For the weakest support with basic monitoring and basic warnings, you only need to send http requests to the tool. An initial request that contains the file, used algorithm, number of burnin samples and number of samples and then you could either send 1 request after each sample or you could send them batched every X samples (or every X seconds, doesn’t matter to the tool). For PyMC this was really easy because they have this `record` method in the PyMC backends that is called every sampler iteration. But I am sure that something similar could be done for stan. For stan specifically, given the stan programs are fully compiled c, if I am not mistaken, adding some http requests to the sampler when it’s compiled with a flag like `live_debugging` should be straight forward?
The nutpie feature seems neat too, but I believe it would be easier to implement with a subscriber like/callback interface.

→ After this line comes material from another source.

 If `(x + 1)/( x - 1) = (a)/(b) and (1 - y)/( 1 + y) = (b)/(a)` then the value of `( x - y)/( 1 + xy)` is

To get the model graph and support for the funnel warnings we currently rely on GitHub - lasapp/lasapp: Language-Agnostic Static Analysis of Probabilistic Programming: Replication package . I believe it has no stan support, but we really only need an interface that our debugger can call that provides (a) a model graph, and (b) rv’s that have a scale parameter that is influenced by other rv’s.
And lastly for tailored warnings to stan, we need to add stan to the languages in the tool itself, which shouldn’t be to complicated (see PyMC language def: InferlogHolmes-Appendix/InferLogHolmes/extension/webview-src/ppl-debugger-webview/src/PPL/pymc.ts at main · ipa-lab/InferlogHolmes-Appendix · GitHub ). Otherwise it might be confusing when the warnings suggests to “change the target_accept to a higher value”, while stan would call this adapt_delta. Also the code change suggestions wouldn’t be great without 😅
But I also want to add that given MCMC monitor already exists for stan, and already seems more focused on people using it, than evaluating an idea (like our tool), maybe adding the warnings and sampler stats there would be an overall easier road.